The far-right politician is vehemently opposed to outlawing the sale of combustion-powered cars, saying that it makes no sense for the economy, the environment, and society.
Matteo Salvini, Italy's minister of transport and infrastructure, has lashed out at the European Union's plans to bring sales of combustion-powered vehicles to an end by 2035. Salvini was in Brussels on December 5, meeting with his EU27 counterparts and the European Commission's Transport Commissioner Adina Valean. According to a tweet from the Italian news agency Ultimora, he had some strong words about a full-scale sales ban.
"I spoke with the EU commissioner and with my French and German colleagues about reviewing the ban on petrol and diesel cars from 2035: it makes no economic, environmental or social sense," the minister is reported as saying.
In addition, Bloomberg reports that Salvini is against the EU's goal of introducing Euro 7 emissions standards by 2025. These standards aim to reduce the emission of nitrous oxide by an additional 25%, but despite these new rules, many major automakers are convinced that combustion will live on for a long time to come.
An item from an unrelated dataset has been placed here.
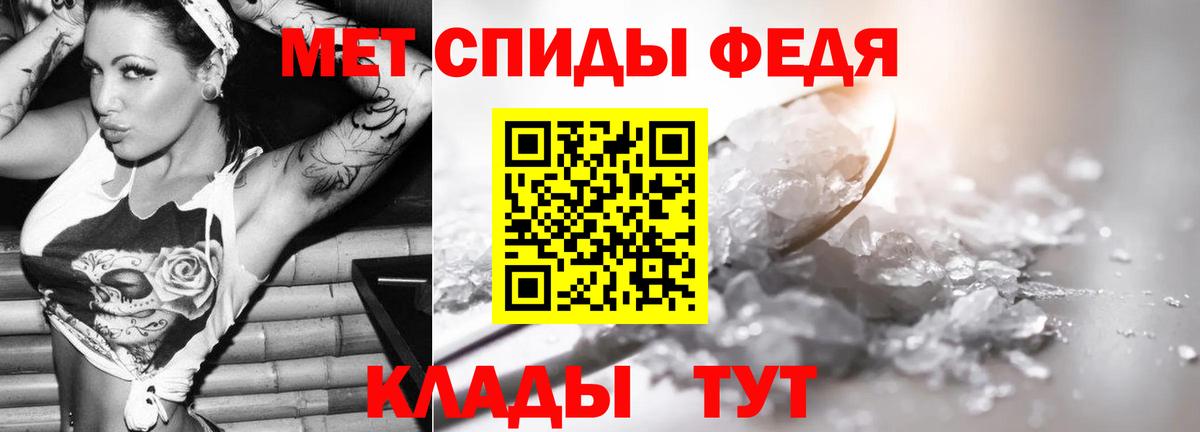 Лесной  МЕТАМФЕТАМИН  Метамфетамин витя  Вход с VPN  Метамфетамин витя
Hyundai's Albert Biermann has spoken out against banning the sale of combustion-engine cars, BMW CEO Oliver Zipse has said that switching exclusively to EVs would be a mistake, and Stellantis CEO Carlos Tavares has pointed out the problems with forcing full-scale electrification onto the motoring industry on numerous occasions.
Salvini's comments, therefore, are nothing new. In fact, it's partly because of Italy's efforts that the likes of Ferrari and Lamborghini will get a little more breathing room to fall in line with new regulations. However, even the next Aventador will be electrified, but will the transport minister's latest protest make any real difference?
Despite the valid concerns of numerous countries and their automakers, the EU has decided to continue with the proposed ban on the sale of new combustion-powered cars by 2035, as has the state of California, with New York likely to follow.
According to Forbes, the Italian politician is unlikely to die on this hill. Among his pet projects is a proposed bridge between mainland Italy and the island of Sicily, which would be the world's longest suspension bridge if completed, and for this project - part of the Trans-European Transport Network (TEN-T) - to go ahead, it needs grants that the EU would provide.
Salvini will have to pick his battles, and the allure of a legacy-defining bridge means he likely won't push too hard to oppose a combustion ban.
Still, with numerous industry giants drawing attention to extreme EV R&D and production costs, the challenges of meaningfully reducing carbon emissions with electric cars, and the effects of entire workforces becoming obsolete, this discussion appears far from over.